Também há aqueles não muito convictos do discurso institucionalizado e da pregação persistente (insistente) que até duvidam da validade universal dos preceitos miraculosos, contudo não ousam rebelar-se. Reformas, talvez. Mas não revoluções. Medrosos! Acusaria alguém menos compadecente. Antes das sentenças, no entanto, ouçamos os argumentos, ou procederemos como a própria imprensa e estamparemos nossas capas com conjecturas apriorísticas? Veja. Isto (não) é simples. Pois bem, aos jornalistas duvidosos do ideário jornalístico, porém ativos participes da construção desse mesmo ideário, podemos comparar ao católico por convenção. Sabe como é: identifica-se como católico freqüentador das missas dominicais, confessa assiduamente, até saboreia a comunhão sem mastigá-la, faz a penitencia, caridoso... Mas ainda sente certa dúvida sobre a honradez mariana e até mesmo da existência de Cristo. Duvida. Mesmo assim é mais fácil permanecer o mesmo, na zona de conforto, a questionar verdades milenares. Assim, procede essa estirpe de jornalista, para eles é mais fácil permanecer o mesmo a abandonar o lugar a mesa. Pai por que me abandonaste?! Não antes de o galo cantar.

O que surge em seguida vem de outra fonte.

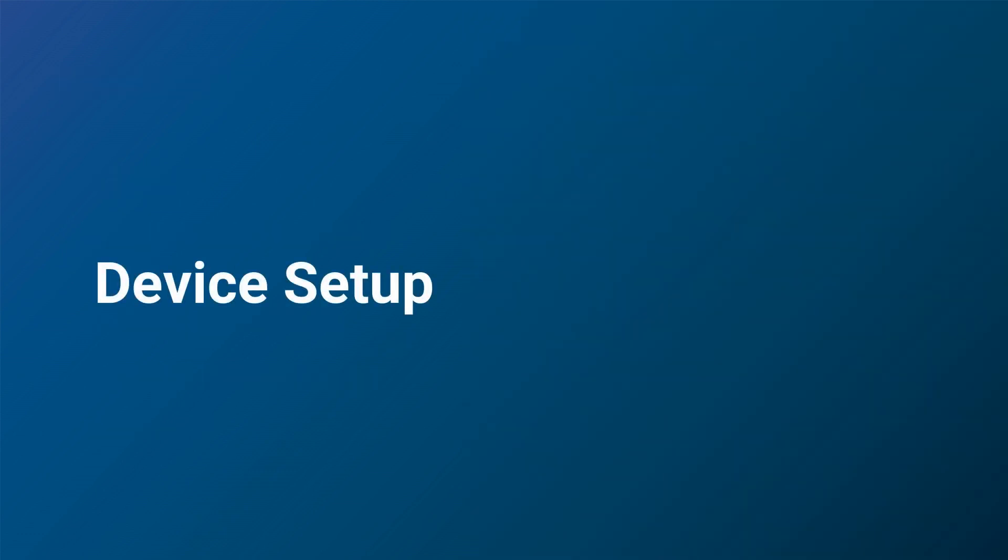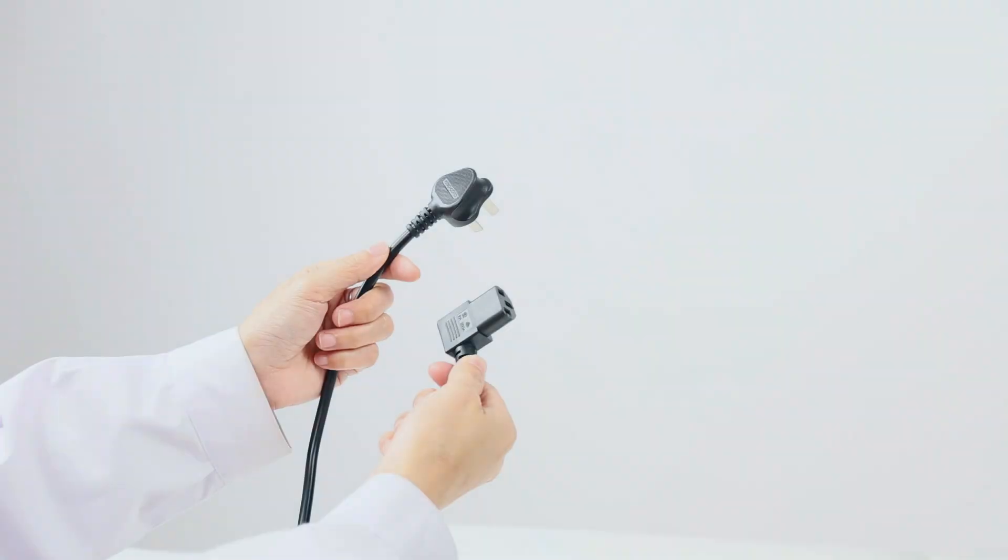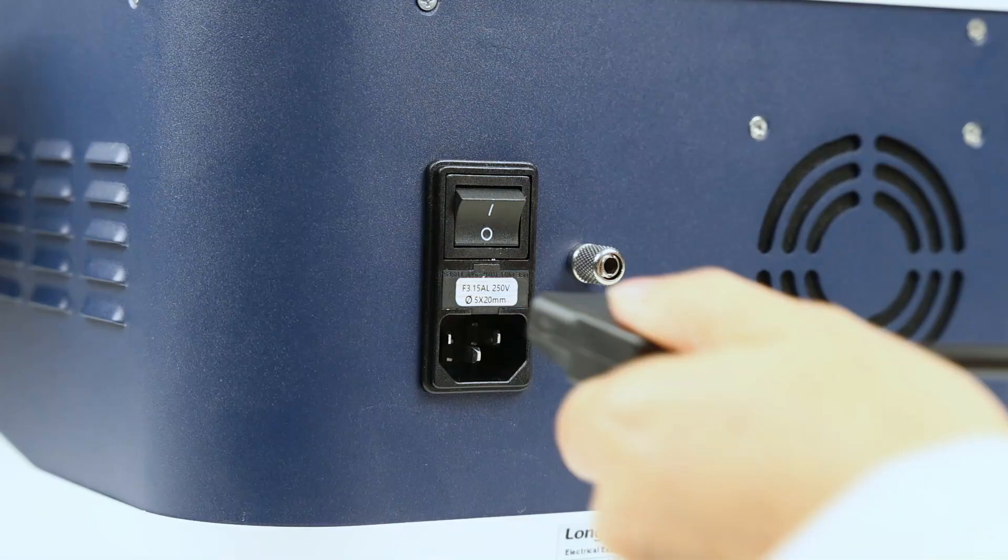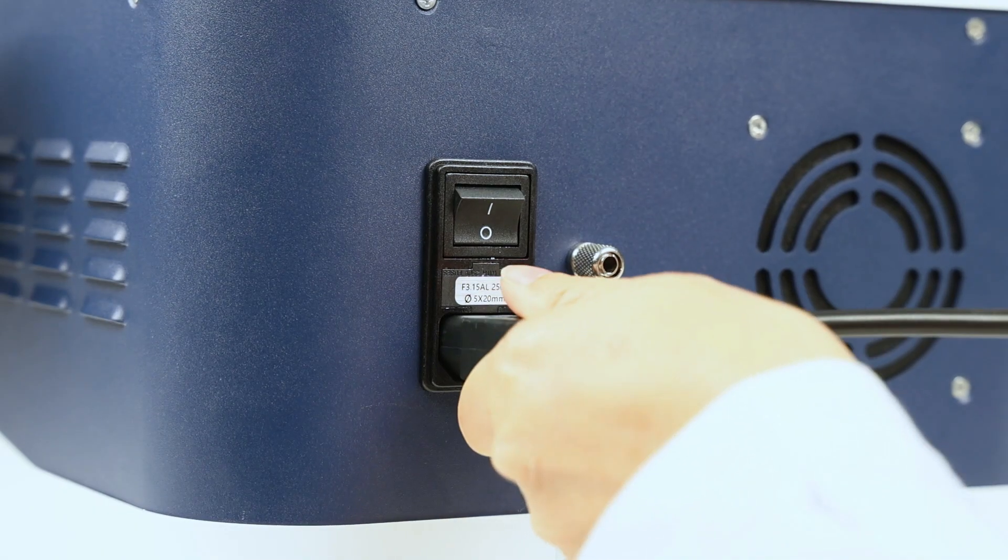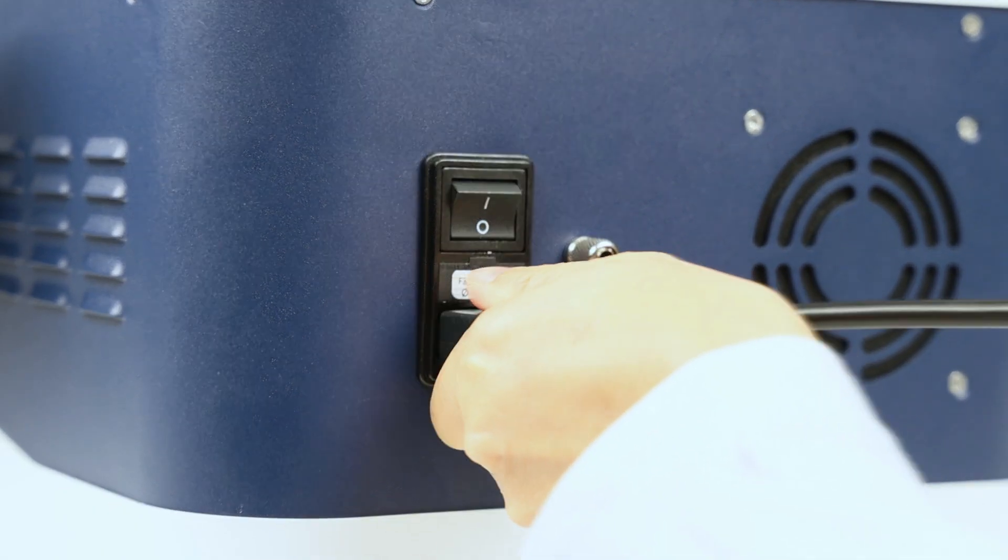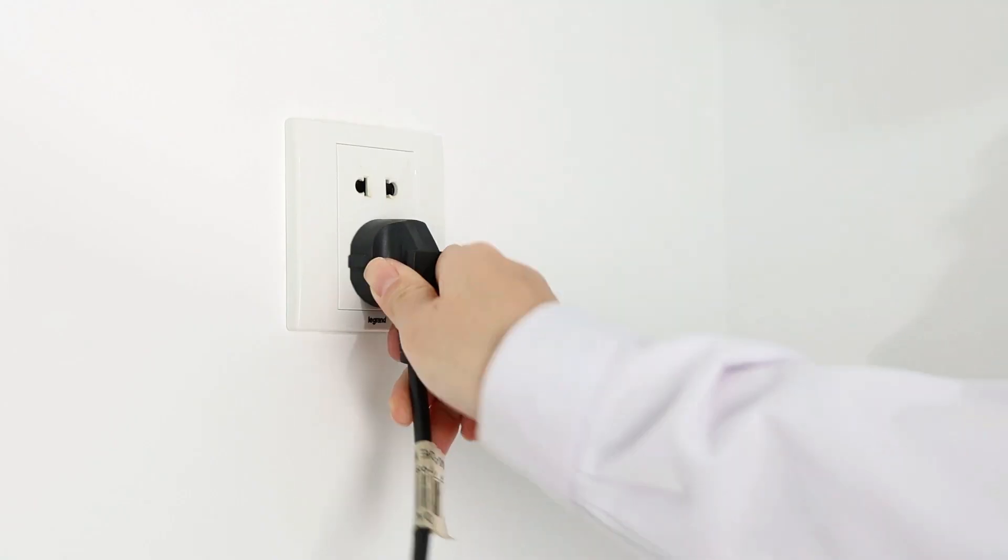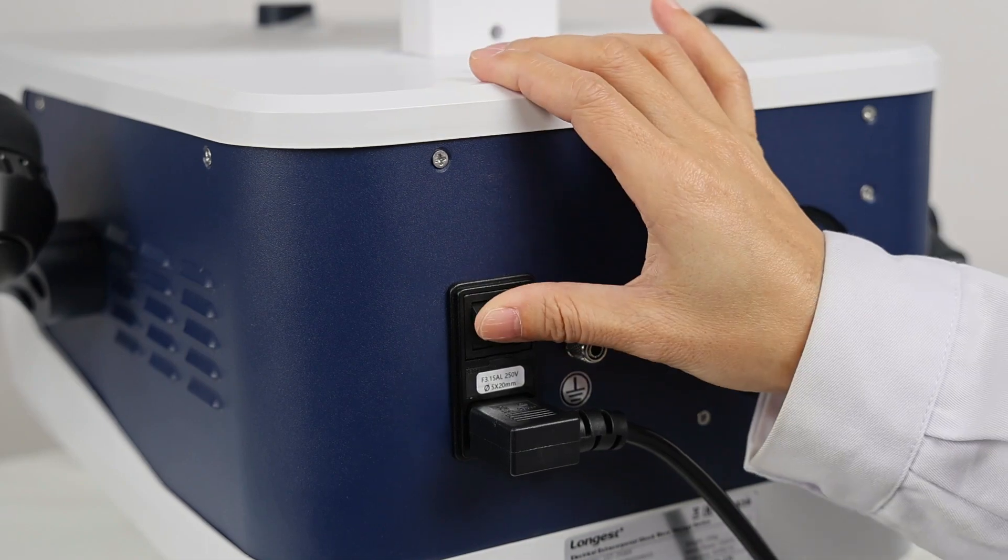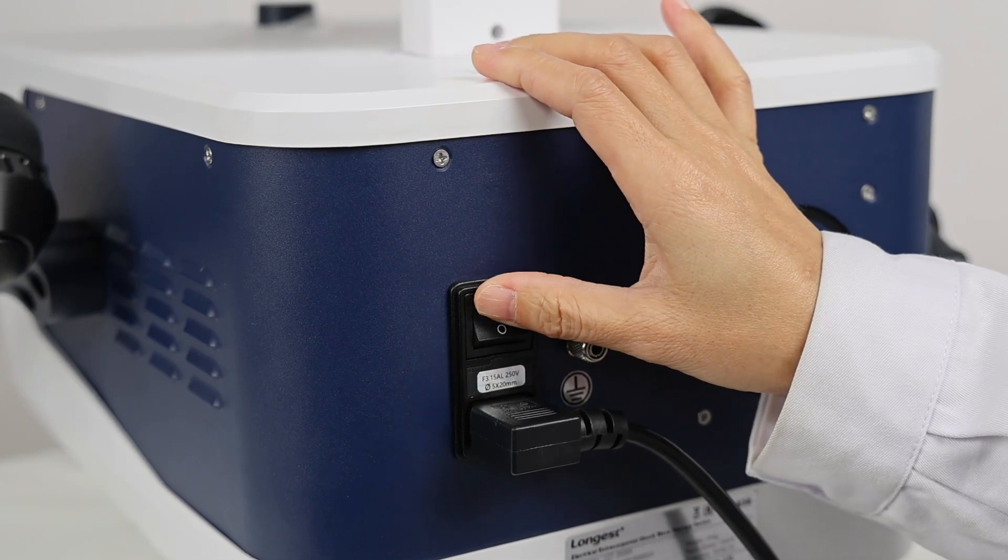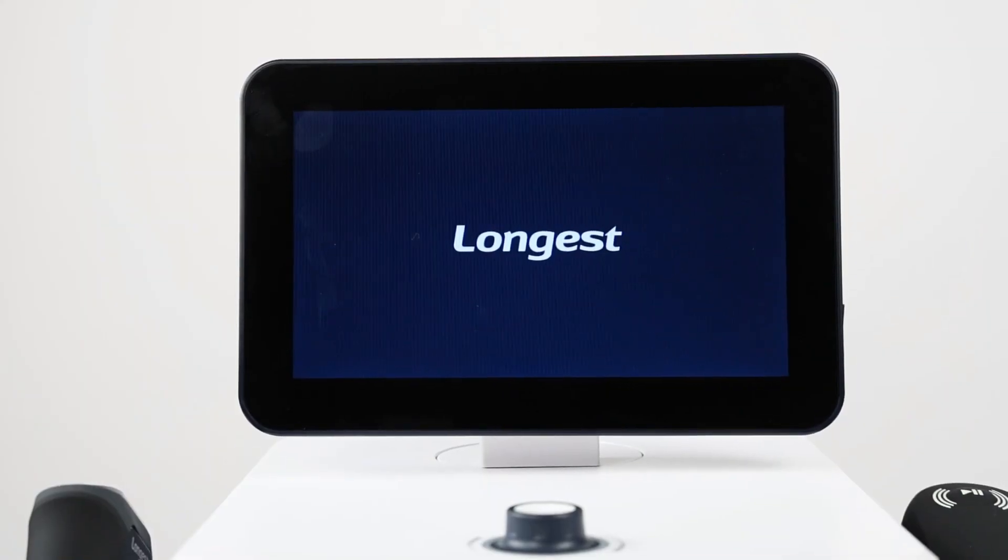Let's prepare the device for the treatment. First, power on the device. Connect the power cord and switch on the button to activate the device.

E por fim, nos restam à minoria (?) de hereges-revolucionários que apreendem para si a função de desestabilizar, colocar em crise o status quo. A esses a palavra não se revelou, mas ocultou-se. Aos hereges, cientes do mistério da linguagem e sua inerente polifonia polissêmica restou a fomentação do incipiente Kaos. Fato? Coisa construída. O em si da notícia é compreendido como o para si do mercado. Inferno é um outro. Eu duplo. Mais-valia saber que a "neutralidade não existe (afinal, o jornal é uma empresa que vende uma mercadoria chamada notícia)”. Se não existe logo não há essência. Logo será de conhecimento público que a corte está nua. Enquanto isso, entre perseguições e reprimendas. Torquemada. Os hereges em posse de dispositivos literários amplificam os campos semânticos, faz falar as vozes (dissonantes) em um mesmo discurso. O novo jornalismo reconhece-se como uma variante da construção do real. Não há única. O social deixa de ser fotografado para ser pintado. Sujeitos em atividade. Ao jornalista o retorno à humanidade.